Why did Awhad choose a tank? His explanation cites nationalism, bravery and the sacrifice of our soldiers. Still, a tank? “There is something impressive about them,” he said. “They are motivating and menacing at the same time.” From a commoner's point of view the two adjectives capture everything that a battle tank stands for. For them, it is a symbol of military might and sheer power.

The tank was invented to break the stalemate on the western front in World War I by crossing trenches and penetrating enemy lines. The earliest example of a vehicle which had a similar function could perhaps be chariots and the Roman siege engines—wheeled wooden towers which were used to destroy enemy fortifications. The origins of the tank, however, should not be traced back to siege engines or a chariot. If there was anything that performed a role similar to the modern-day tanks, it was the knight in shining armour. His armour protected him, his horse moved him swiftly and his sword provided the firepower.

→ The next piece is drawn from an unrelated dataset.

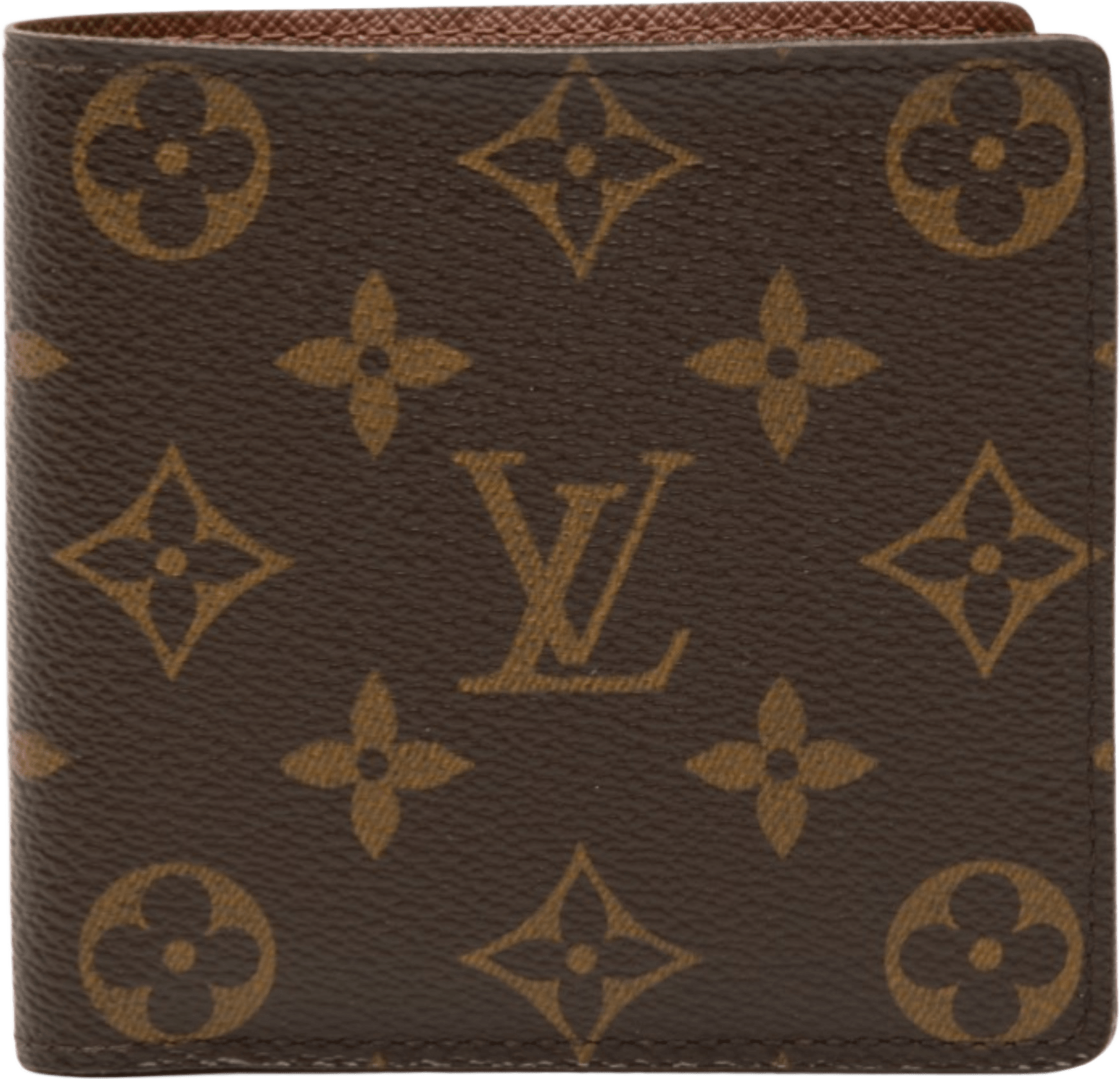 Louis Vuitton Monogram Portefeuille Marco Wallet, från Luxclusif, i färgen brown.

These are exactly what make a battle tank unique—it is a perfect combination of mobility, armour and firepower. In fact, two geniuses had envisioned a combat vehicle quite similar to a battle tank—Leonardo da Vinci designed a wooden combat vehicle, and H.G. Wells wrote a story in The Strand Magazine in 1903 prophesying the birth of a combat vehicle.

A century before Awhad made his tank memorial in Mumbra, an Australian engineer named Lancelot de Mole submitted an idea of a tracked armoured vehicle to the British war office. It was rejected outright. Around the same time, Gunther Burstyn, an Austrian army officer, designed what he called Motorgeschutz (motor gun) using American farm tractors. It had a swivelling turret and was lightly armoured. Burstyn's prototype, however, was rejected by the Austro-Hungarian empire citing lack of funds.

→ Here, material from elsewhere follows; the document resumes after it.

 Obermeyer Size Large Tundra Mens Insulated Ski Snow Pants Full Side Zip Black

The credit for invention of the tank does not go to one person. According to a New York Times report published on October 7, 1919, the Royal Commission on Awards to Inventors had investigated claims of 11 inventors (12 persons, as two of them were a team) of making battle tanks. One of these 12 men was Lancelot De Mole. He, however, did not receive any award. But the commission acknowledged that his design was superior and his ideas were ahead of the times.

First among the award winners, whose claim to have invented the tank was upheld, was major-general Ernest Swinton, a Bangalore-born British army officer. He was awarded 1,000 pounds for advocating the overall concept, setting the design and overseeing the project which resulted in production of Little Willie, the first battle tank, in 1915.

thebigshot Graphics: N.V. Jose

Winston Churchill, who was the first lord of admiralty during World War I, was firm in his belief that no one person could be credited with invention of the tank. Churchill was right. The tank was an idea born out of sheer necessity—resulting from carnage in trench warfare on the western front in World War I, and nobody knew it better than Churchill.

“WHERE THE CONNECTING trench joined in, an unfortunate fellow was stretched out, decapitated by a shell, just as if he had been guillotined. Beside him, another was frightfully mutilated... I saw, as if hallucinating, a pile of corpses... they had started to bury in the trench itself... 'There is no one here but the dead', I exclaimed.”

These lines are from Poilu, written by corporal Louis Barthas, who served in the French army. He maintained a notebook while serving in the Great War and that notebook became Poilu, one of the best works to emerge from the war. The book captures horrifying life in trenches across the western front.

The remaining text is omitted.